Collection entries
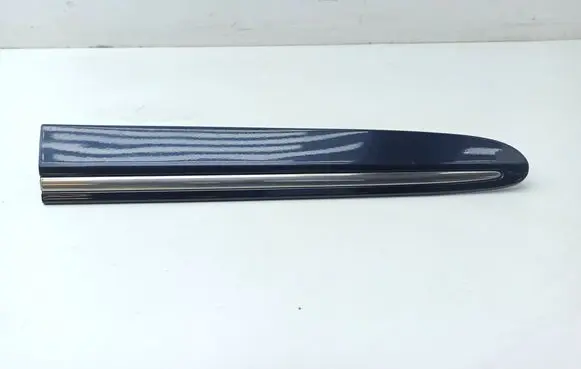 Mercedes-Benz CLK A209 C209 Rear fender molding trim A2096902662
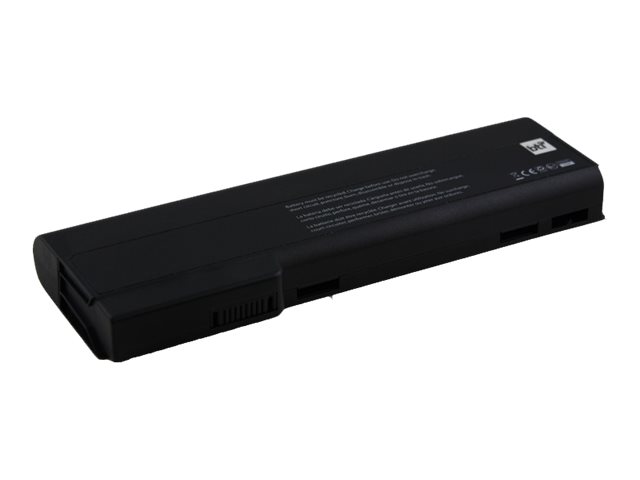 BTI HP-EB8460PX9-6 - laptop battery - Li-Ion - 7800 mAh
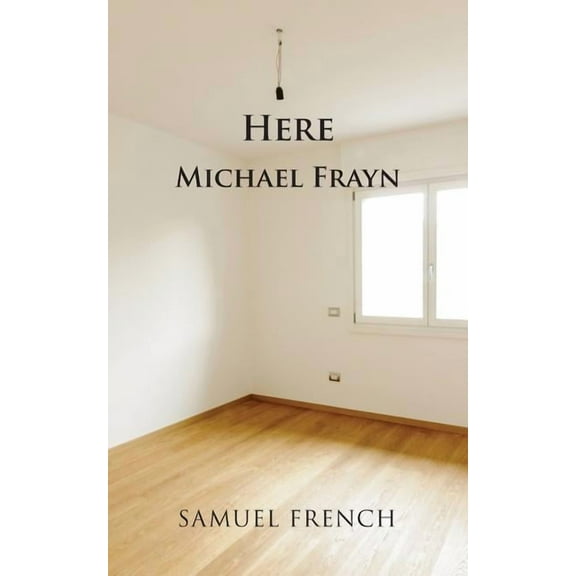 Here (Paperback)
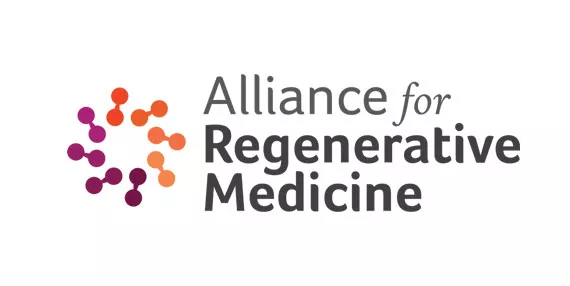 Alliance for Regenerative Medicine logo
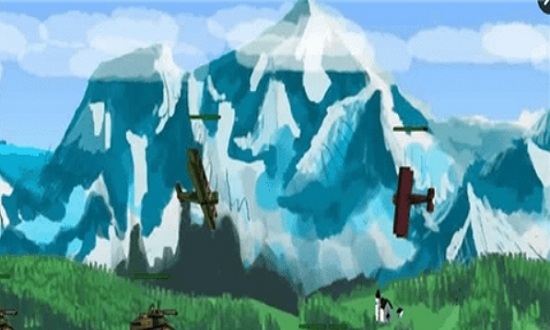 戰壕中的戰爭 v1.7.0 1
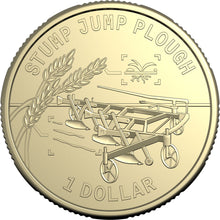 2026 $1 Bright Ideas Five-Coin Folder & Tube Collection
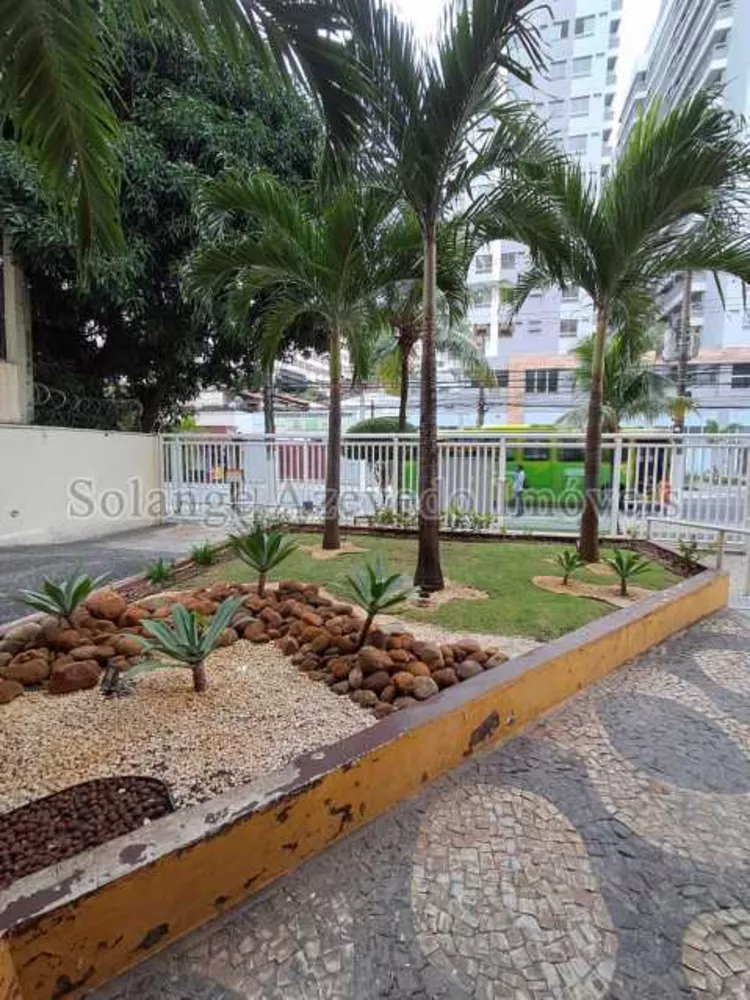 Cobertura, 3 quartos, 122 m² - Foto 1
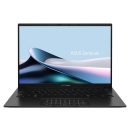 ASUS ZenBook UM3406KA-PP061W fekete laptop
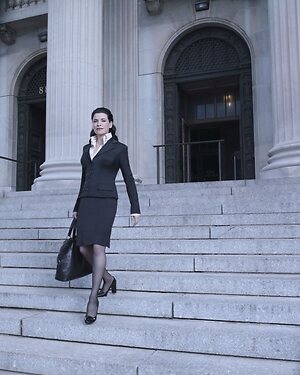 Julianna Margulies leaked photo #6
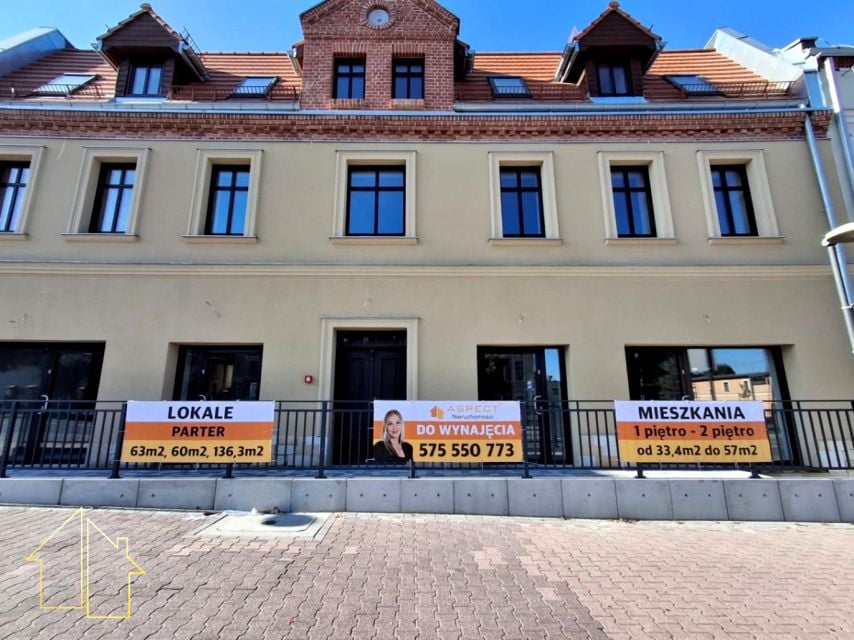 Lokal Żory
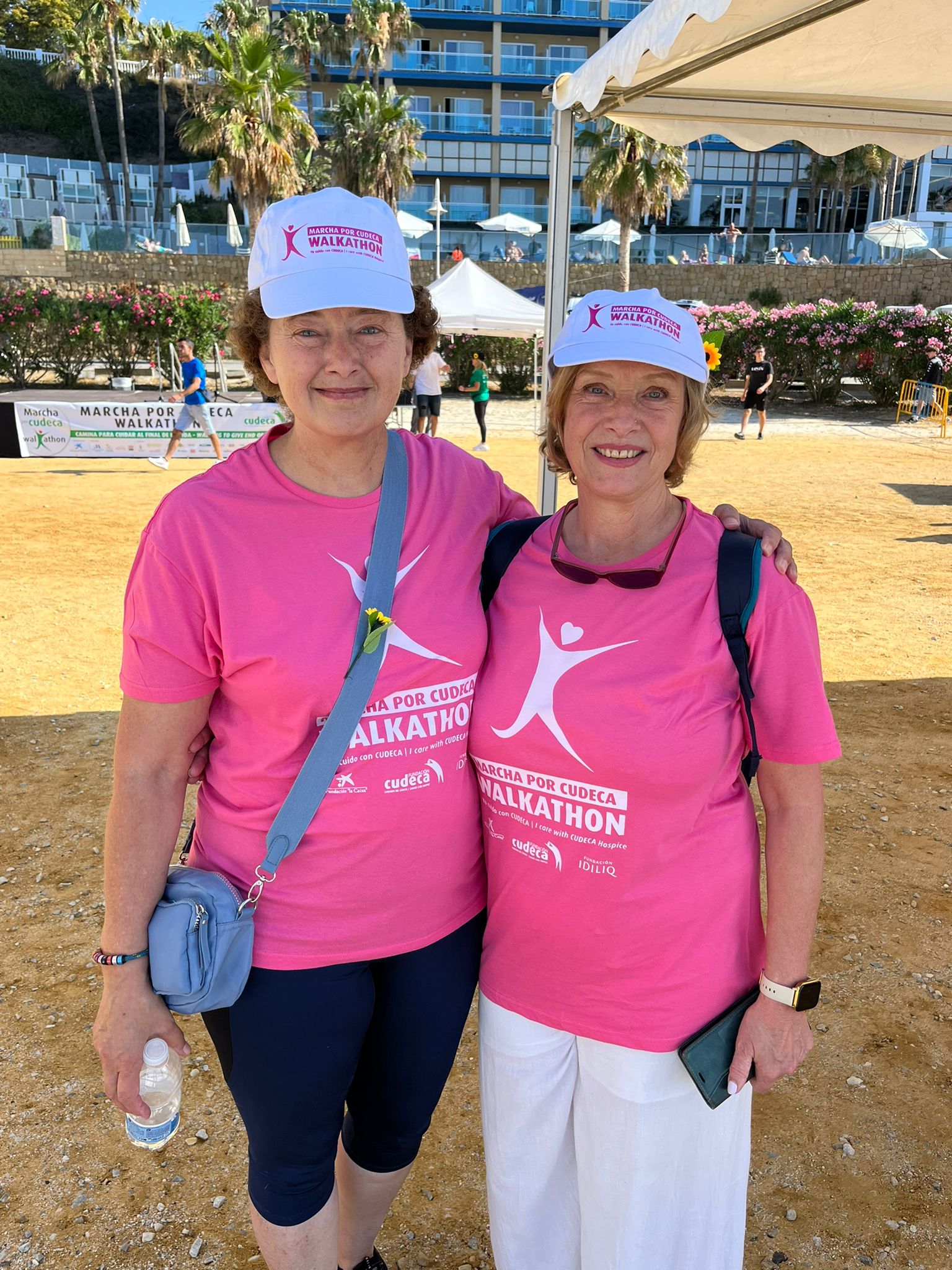 Cudeca Walkathon 2023, in pictures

■ Task prompt ■
Only the lines from the one containing "Here (Paperback)" through the last line of the entries, both included, should be repeated exactly, and the pictures should be left out.

■ Task response ■
 Here (Paperback)
 Alliance for Regenerative Medicine logo
 戰壕中的戰爭 v1.7.0 1
 2026 $1 Bright Ideas Five-Coin Folder & Tube Collection
 Cobertura, 3 quartos, 122 m² - Foto 1
 ASUS ZenBook UM3406KA-PP061W fekete laptop
 Julianna Margulies leaked photo #6
 Lokal Żory
 Cudeca Walkathon 2023, in pictures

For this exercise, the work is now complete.